Top of EXERCISE DATA

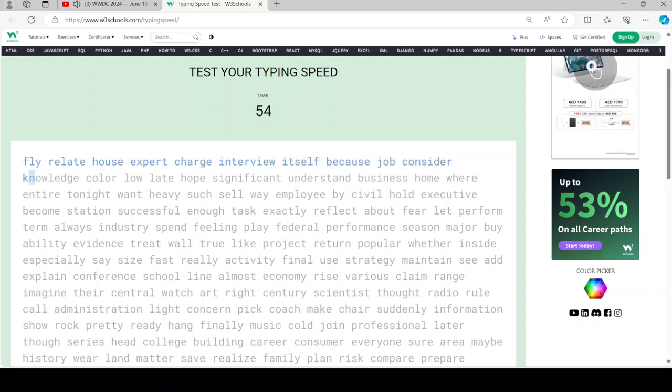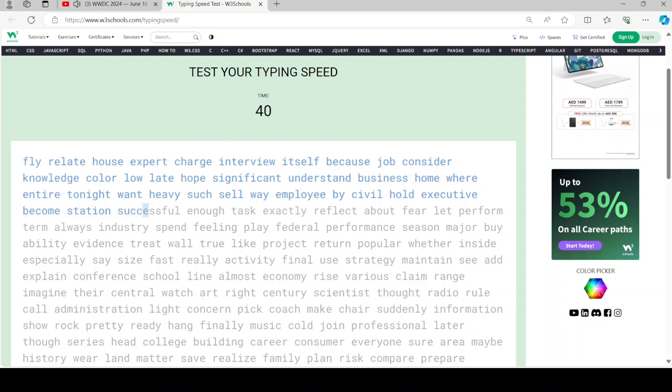Just as we've reimagined math on iPad, we've also reimagined handwriting in Notes with a new feature called SmartScript. Notes already has great handwriting features, like the ability to select and copy your writing or even make it straighter. With SmartScript, we're making handwriting your notes smoother than ever.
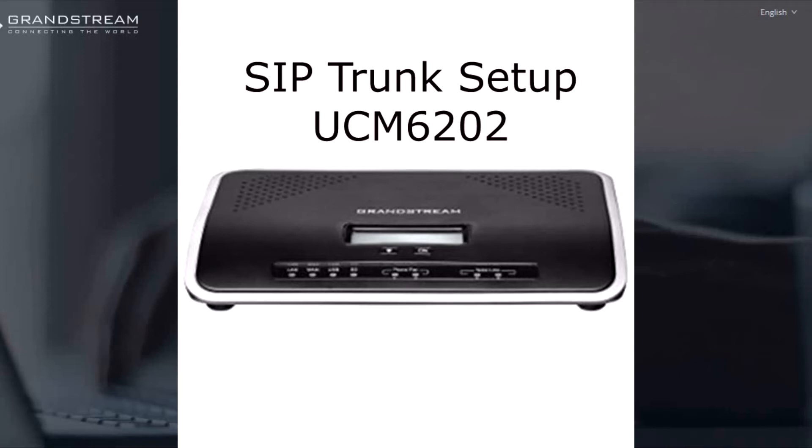Hey, what's up guys, this is Gary with Low Voltage Designs. Today I'll be showing you how to set up a VoIP trunk on a Grandstream UCM 6202, so stay tuned.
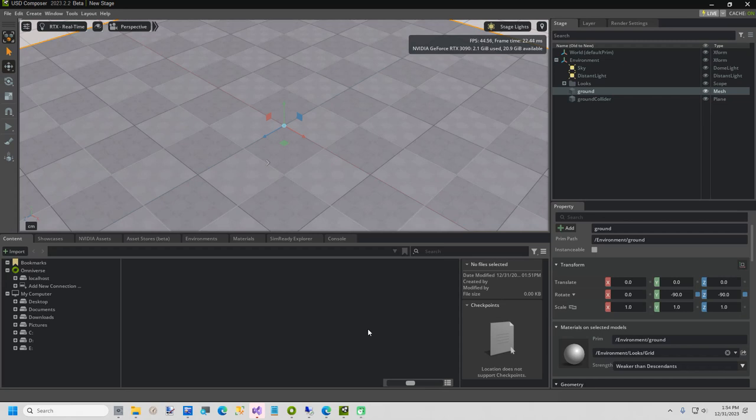Hi everyone! In today's video, I am going to show you how I created a fireplace scene with snow. I am using Omniverse Composer 2023.2.2. Let's get started.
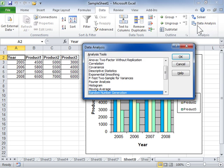In the Analysis Tools list box, click Random Number Generation. Click OK.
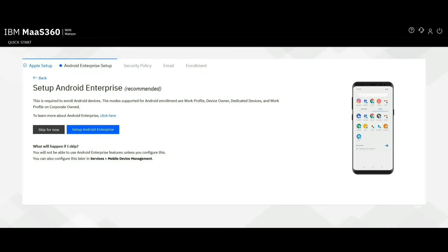Hello, I am Akash from IBM MaaS360 team and today I will be guiding you through the process of setting up Android Enterprise on MaaS360 portal.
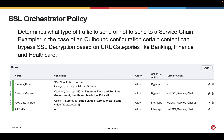SSL Orchestrator policy is used to determine what traffic to send or not to send to a service chain. With an outbound topology, it's common to bypass decryption for content that's related to banking, finance, and healthcare.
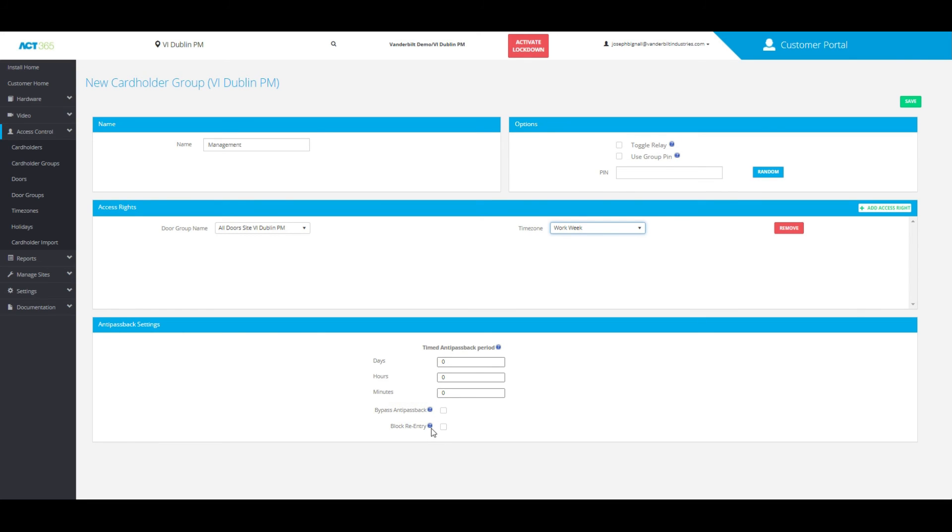You can also choose to block re-entry from here if needed.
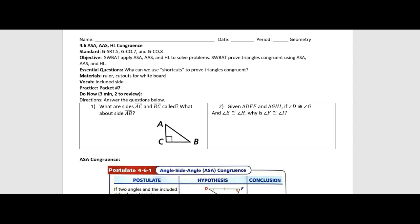Hello everyone, Mr. Fawcett here and we are back with another geometry lesson. Today we're going to talk about three more shortcuts for proving triangles congruent. In our last lesson we talked about SAS congruence as well as SSS, and today we've got three new ones lined up.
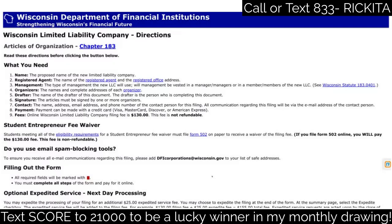In this video I want to show you how to set up an LLC. A lot of people ask me how to get business credit, and the first step is setting up your LLC. When you set up your LLC you'll need the proposed name, the registered agent and office address, management information, organizer details, drafter, signature, contact information, payment, and fees.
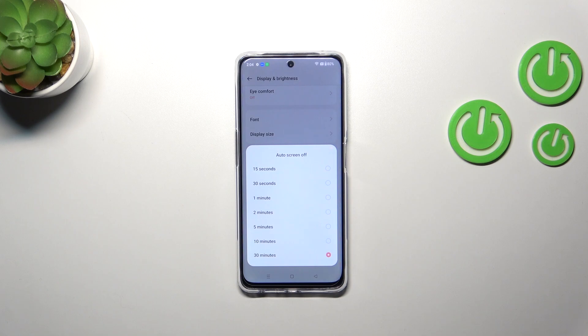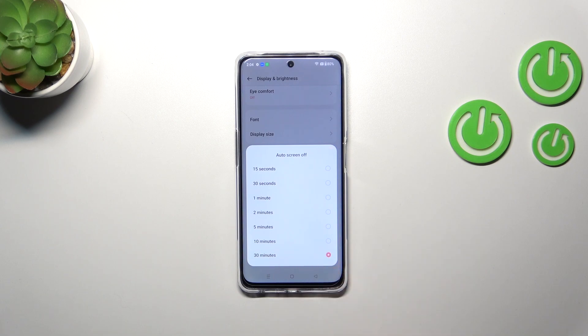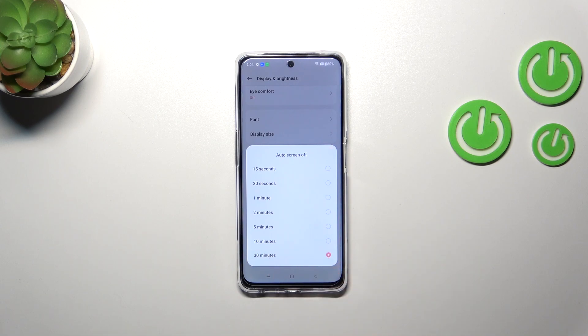At the top we've got relatively short options — 15 and 30 seconds — and then longer ones like one, two, five, ten, or thirty minutes. Currently I've got the 30-minute option applied.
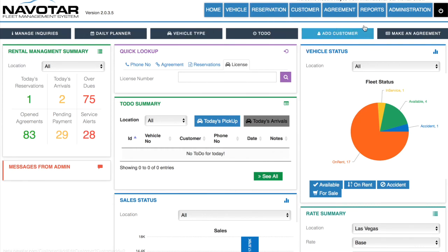Furthermore, you can also easily add customers and make agreements from the dashboard. Now we will be going into more detailed observations about the different pages available in Navatar.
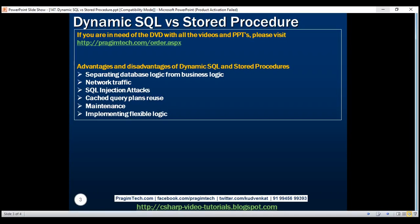Cached query plan reuse. Stored procedures provide increased performance as cached query plan reusability increases. Even with dynamic SQL, if we use parameterized queries, cached query plan reusability increases, which in turn increases performance. If you're not using parameterized queries, SQL Server's auto-parameterization feature can automatically detect parameter values and create parameterized queries, which promotes query plan reusability and in turn performance.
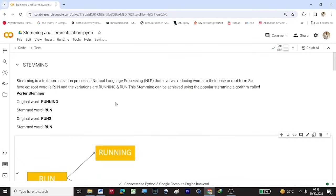Hi, welcome to the YouTube channel 3D Multimedia. Today, under the NLP series, we will be looking at stemming and lemmatization.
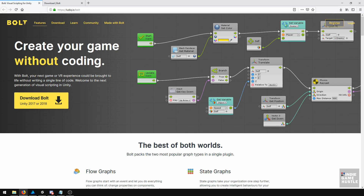What's great about Bolt for Unity is that it doesn't get rid of coding. I believe it kind of trains your brain to prepare you to understand how coding works, so eventually you'll be able to write code using actual syntax.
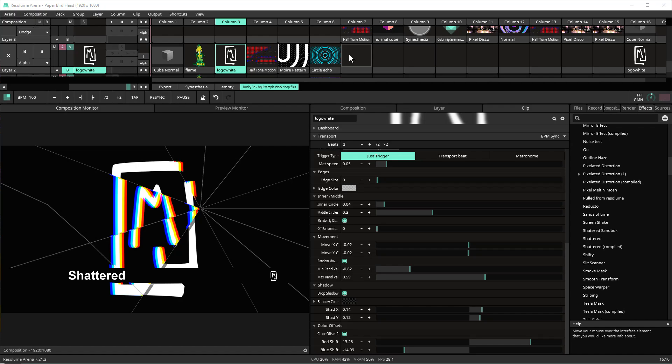Welcome to my newest tutorial for my patch Shattered. Shattered is an effect that can be created with any of your mediums that gives it this kind of shattered glass look.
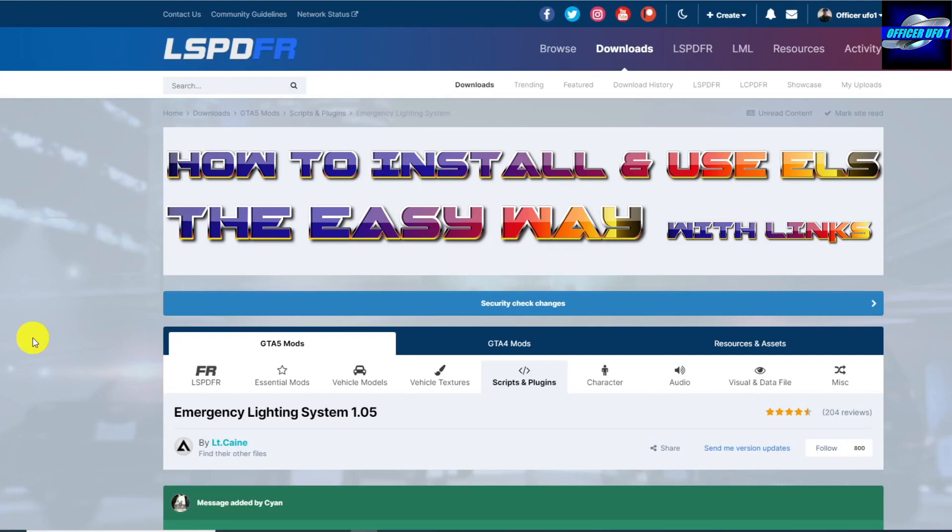Today I'm going to show you how to install ELS, Emergency Lighting System 1.0.5, created by Lieutenant Kane. Big shout out to Lieutenant Kane. I'm going to make this tutorial a simplified version that includes a trick for learning the ELS keys quickly.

Bottom of EXERCISE DATA

• **WHAT IS NEEDED**
Set down the entries above word for word, but drop any image.

• **FINISHED TASK**
Just as we've reimagined math on iPad, we've also reimagined handwriting in Notes with a new feature called SmartScript. Notes already has great handwriting features, like the ability to select and copy your writing or even make it straighter. With SmartScript, we're making handwriting your notes smoother than ever.
Hey, what's up guys, this is Gary with Low Voltage Designs. Today I'll be showing you how to set up a VoIP trunk on a Grandstream UCM 6202, so stay tuned.
Hi everyone! In today's video, I am going to show you how I created a fireplace scene with snow. I am using Omniverse Composer 2023.2.2. Let's get started.
In the Analysis Tools list box, click Random Number Generation. Click OK.
Hello, I am Akash from IBM MaaS360 team and today I will be guiding you through the process of setting up Android Enterprise on MaaS360 portal.
SSL Orchestrator policy is used to determine what traffic to send or not to send to a service chain. With an outbound topology, it's common to bypass decryption for content that's related to banking, finance, and healthcare.
You can also choose to block re-entry from here if needed.
Hello everyone, Mr. Fawcett here and we are back with another geometry lesson. Today we're going to talk about three more shortcuts for proving triangles congruent. In our last lesson we talked about SAS congruence as well as SSS, and today we've got three new ones lined up.
In this video I want to show you how to set up an LLC. A lot of people ask me how to get business credit, and the first step is setting up your LLC. When you set up your LLC you'll need the proposed name, the registered agent and office address, management information, organizer details, drafter, signature, contact information, payment, and fees.
At the top we've got relatively short options — 15 and 30 seconds — and then longer ones like one, two, five, ten, or thirty minutes. Currently I've got the 30-minute option applied.
Furthermore, you can also easily add customers and make agreements from the dashboard. Now we will be going into more detailed observations about the different pages available in Navatar.
Cached query plan reuse. Stored procedures provide increased performance as cached query plan reusability increases. Even with dynamic SQL, if we use parameterized queries, cached query plan reusability increases, which in turn increases performance. If you're not using parameterized queries, SQL Server's auto-parameterization feature can automatically detect parameter values and create parameterized queries, which promotes query plan reusability and in turn performance.
Hi, welcome to the YouTube channel 3D Multimedia. Today, under the NLP series, we will be looking at stemming and lemmatization.
What's great about Bolt for Unity is that it doesn't get rid of coding. I believe it kind of trains your brain to prepare you to understand how coding works, so eventually you'll be able to write code using actual syntax.
Welcome to my newest tutorial for my patch Shattered. Shattered is an effect that can be created with any of your mediums that gives it this kind of shattered glass look.
Today I'm going to show you how to install ELS, Emergency Lighting System 1.0.5, created by Lieutenant Kane. Big shout out to Lieutenant Kane. I'm going to make this tutorial a simplified version that includes a trick for learning the ELS keys quickly.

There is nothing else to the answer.